■ Problem ■
Using the data below, set down every line from the one containing "Outdoor ductless heat" through the one containing "Thoughtful Woman in", inclusive and unchanged. Pictures are to be skipped.

*** Data ***

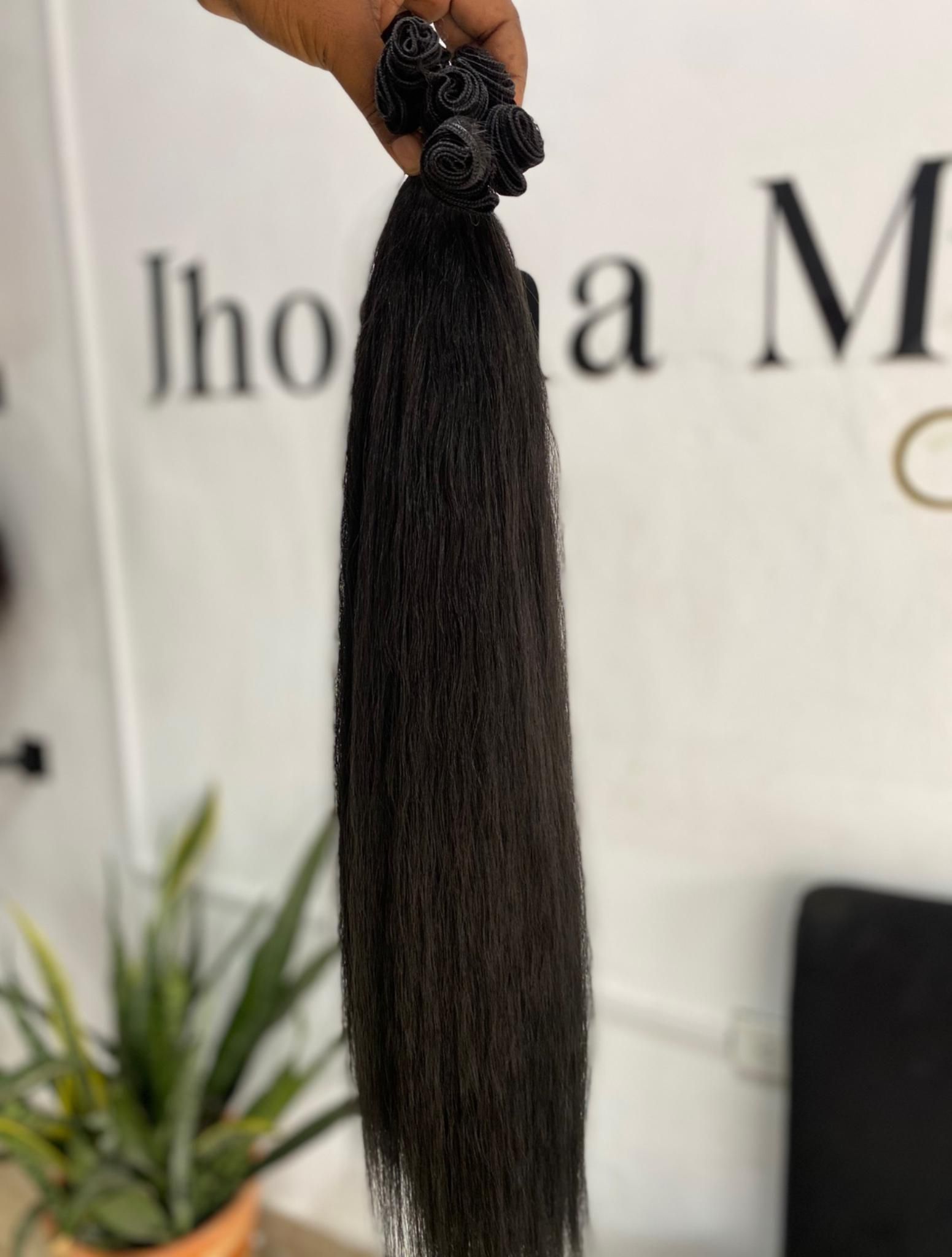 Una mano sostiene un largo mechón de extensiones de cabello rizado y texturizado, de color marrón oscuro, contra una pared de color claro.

***
*** Data ***

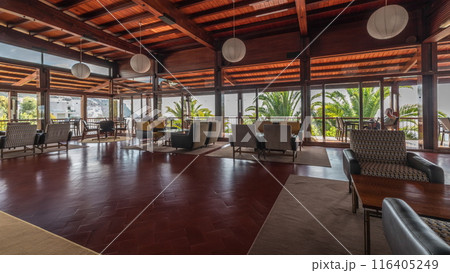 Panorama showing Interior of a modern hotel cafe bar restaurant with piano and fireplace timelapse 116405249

***
*** Data ***

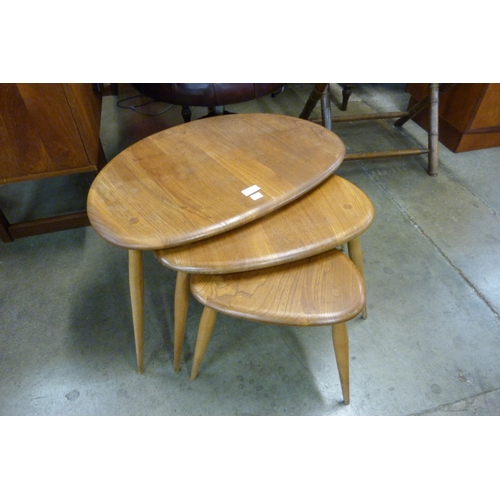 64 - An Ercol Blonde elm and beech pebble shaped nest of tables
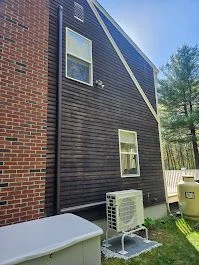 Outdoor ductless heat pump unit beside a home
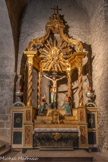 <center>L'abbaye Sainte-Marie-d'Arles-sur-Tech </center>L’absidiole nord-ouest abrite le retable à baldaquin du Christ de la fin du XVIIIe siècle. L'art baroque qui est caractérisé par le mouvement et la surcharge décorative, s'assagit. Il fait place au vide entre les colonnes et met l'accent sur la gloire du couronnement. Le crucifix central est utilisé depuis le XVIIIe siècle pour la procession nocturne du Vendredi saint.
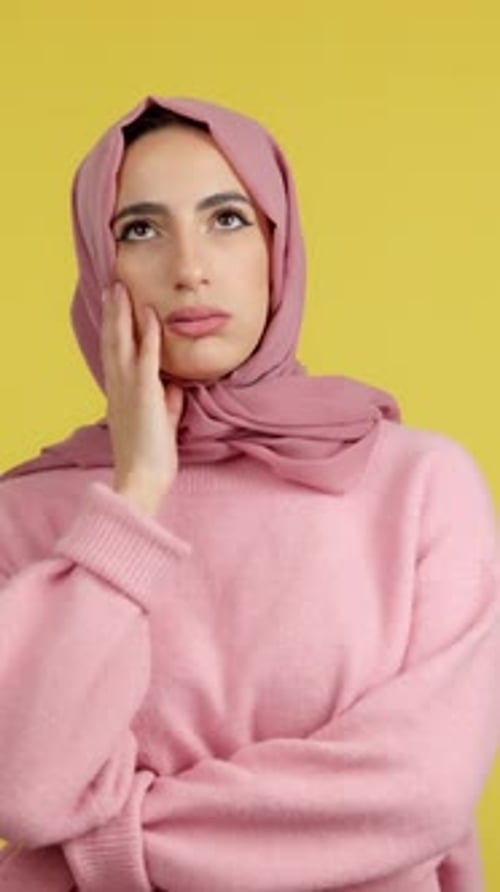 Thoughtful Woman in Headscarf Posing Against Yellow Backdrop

***

■ Response area ■
 Outdoor ductless heat pump unit beside a home
 <center>L'abbaye Sainte-Marie-d'Arles-sur-Tech </center>L’absidiole nord-ouest abrite le retable à baldaquin du Christ de la fin du XVIIIe siècle. L'art baroque qui est caractérisé par le mouvement et la surcharge décorative, s'assagit. Il fait place au vide entre les colonnes et met l'accent sur la gloire du couronnement. Le crucifix central est utilisé depuis le XVIIIe siècle pour la procession nocturne du Vendredi saint.
 Thoughtful Woman in Headscarf Posing Against Yellow Backdrop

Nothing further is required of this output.